↓↓↓

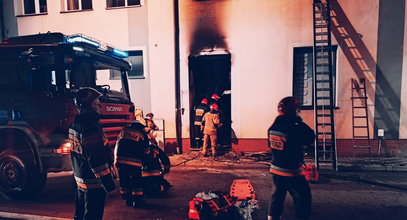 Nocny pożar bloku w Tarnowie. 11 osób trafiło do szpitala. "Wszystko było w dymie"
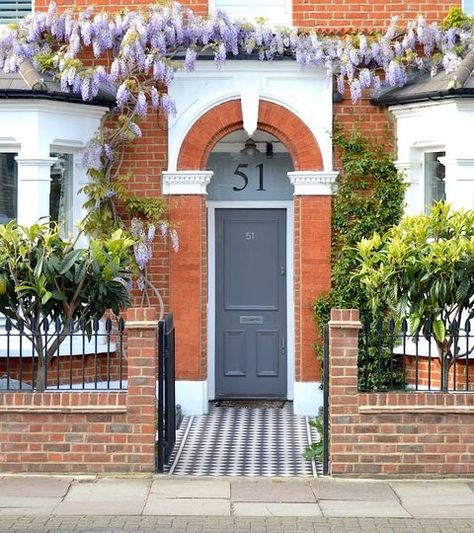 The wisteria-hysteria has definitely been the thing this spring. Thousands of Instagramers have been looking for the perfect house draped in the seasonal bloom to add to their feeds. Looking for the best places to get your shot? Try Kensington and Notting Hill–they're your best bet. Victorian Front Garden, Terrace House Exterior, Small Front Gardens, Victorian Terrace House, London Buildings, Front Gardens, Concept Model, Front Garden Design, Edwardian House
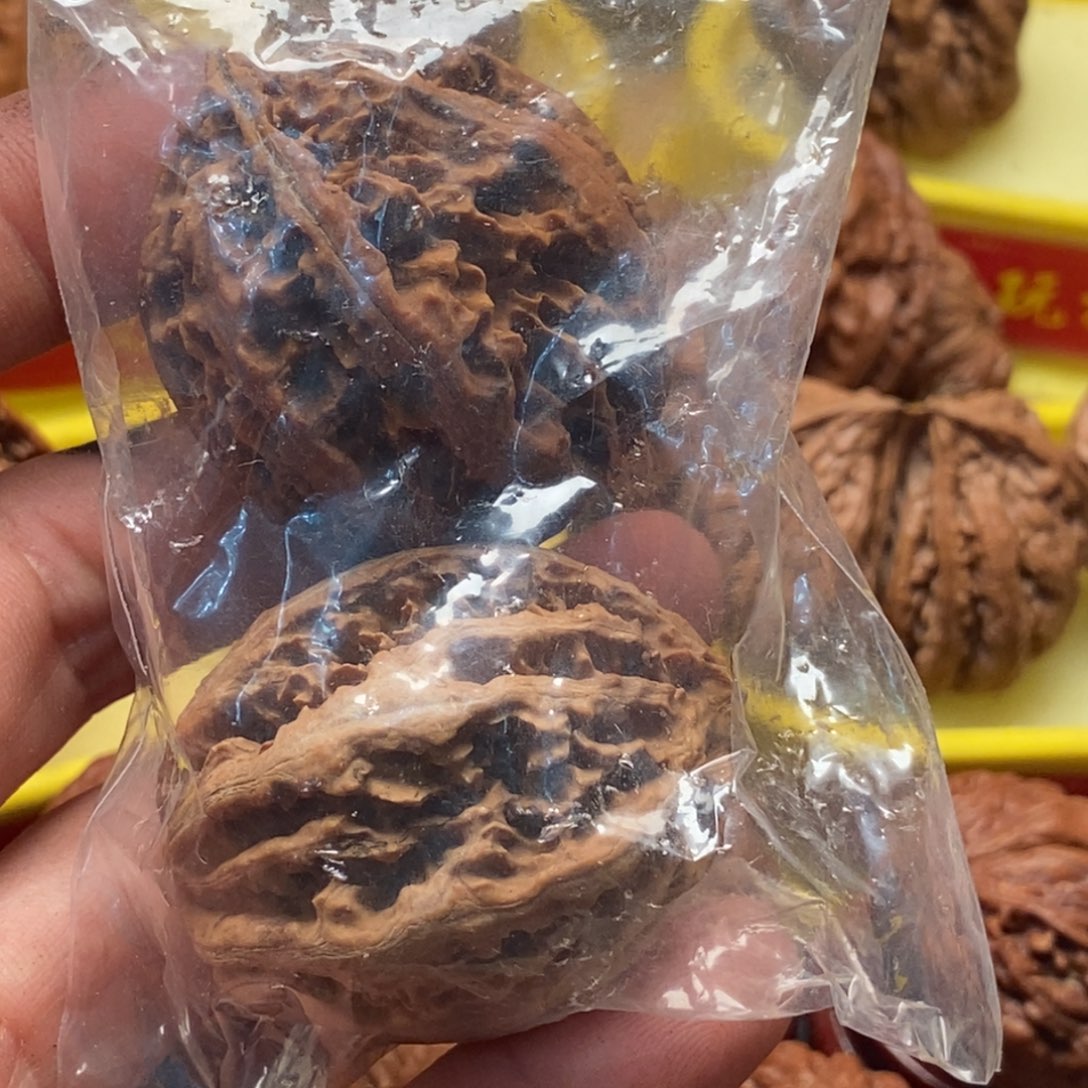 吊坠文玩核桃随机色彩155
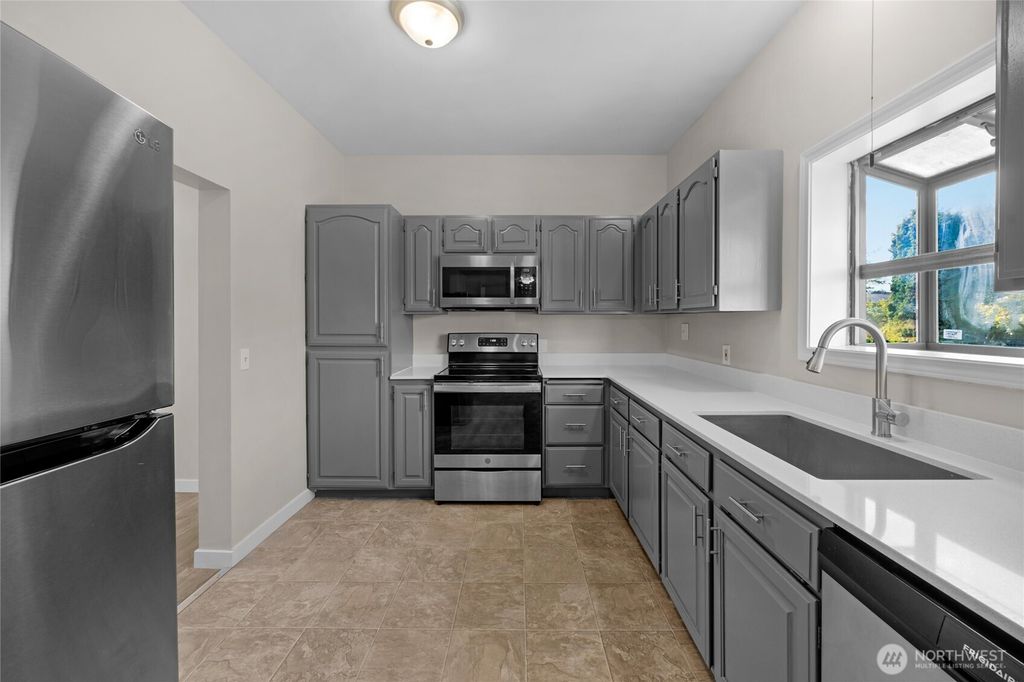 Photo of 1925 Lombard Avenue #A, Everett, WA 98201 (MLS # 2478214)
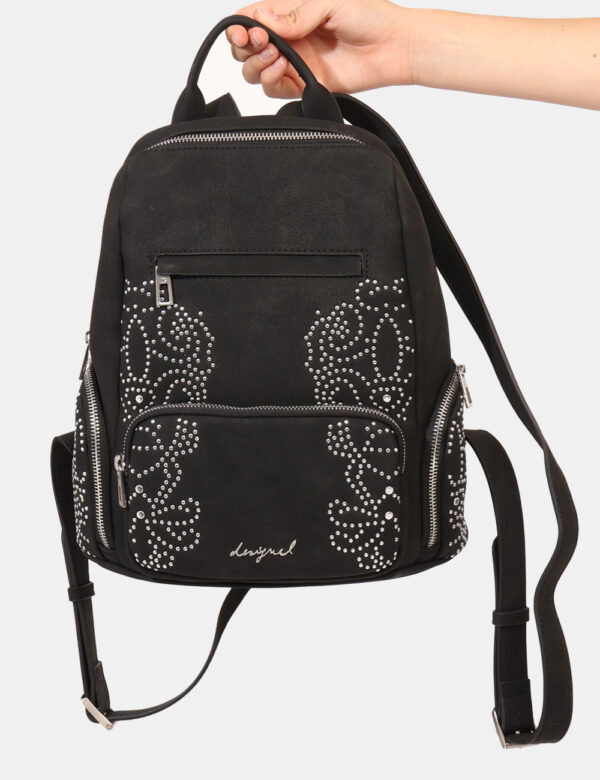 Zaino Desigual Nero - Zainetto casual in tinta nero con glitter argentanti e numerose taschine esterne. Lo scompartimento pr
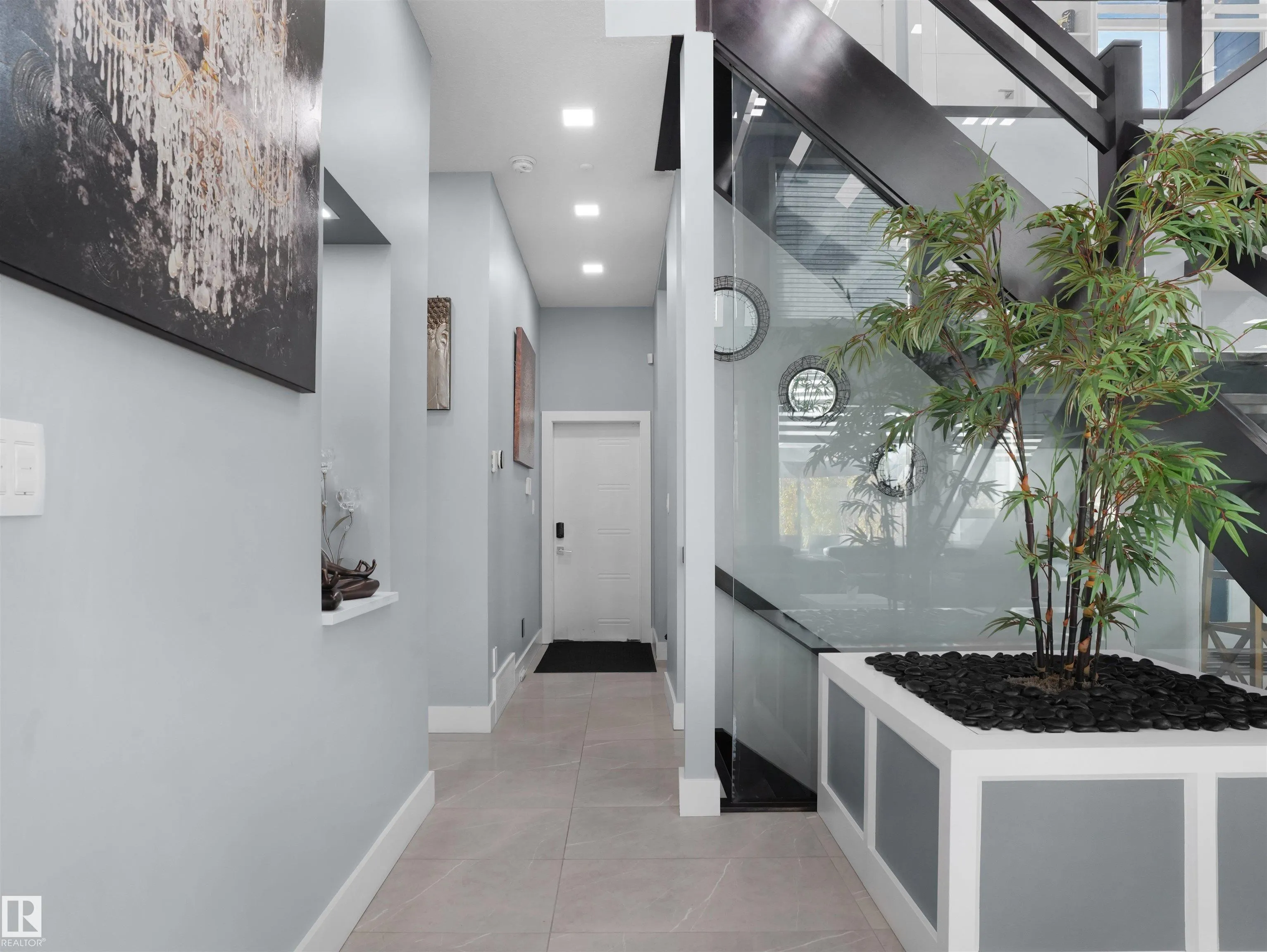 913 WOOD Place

↑↑↑

**Work required:** Could you retype each line of the material above exactly, skipping the pictures?

**Answer box:**
 Nocny pożar bloku w Tarnowie. 11 osób trafiło do szpitala. "Wszystko było w dymie"
 The wisteria-hysteria has definitely been the thing this spring. Thousands of Instagramers have been looking for the perfect house draped in the seasonal bloom to add to their feeds. Looking for the best places to get your shot? Try Kensington and Notting Hill–they're your best bet. Victorian Front Garden, Terrace House Exterior, Small Front Gardens, Victorian Terrace House, London Buildings, Front Gardens, Concept Model, Front Garden Design, Edwardian House
 吊坠文玩核桃随机色彩155
 Photo of 1925 Lombard Avenue #A, Everett, WA 98201 (MLS # 2478214)
 Zaino Desigual Nero - Zainetto casual in tinta nero con glitter argentanti e numerose taschine esterne. Lo scompartimento pr
 913 WOOD Place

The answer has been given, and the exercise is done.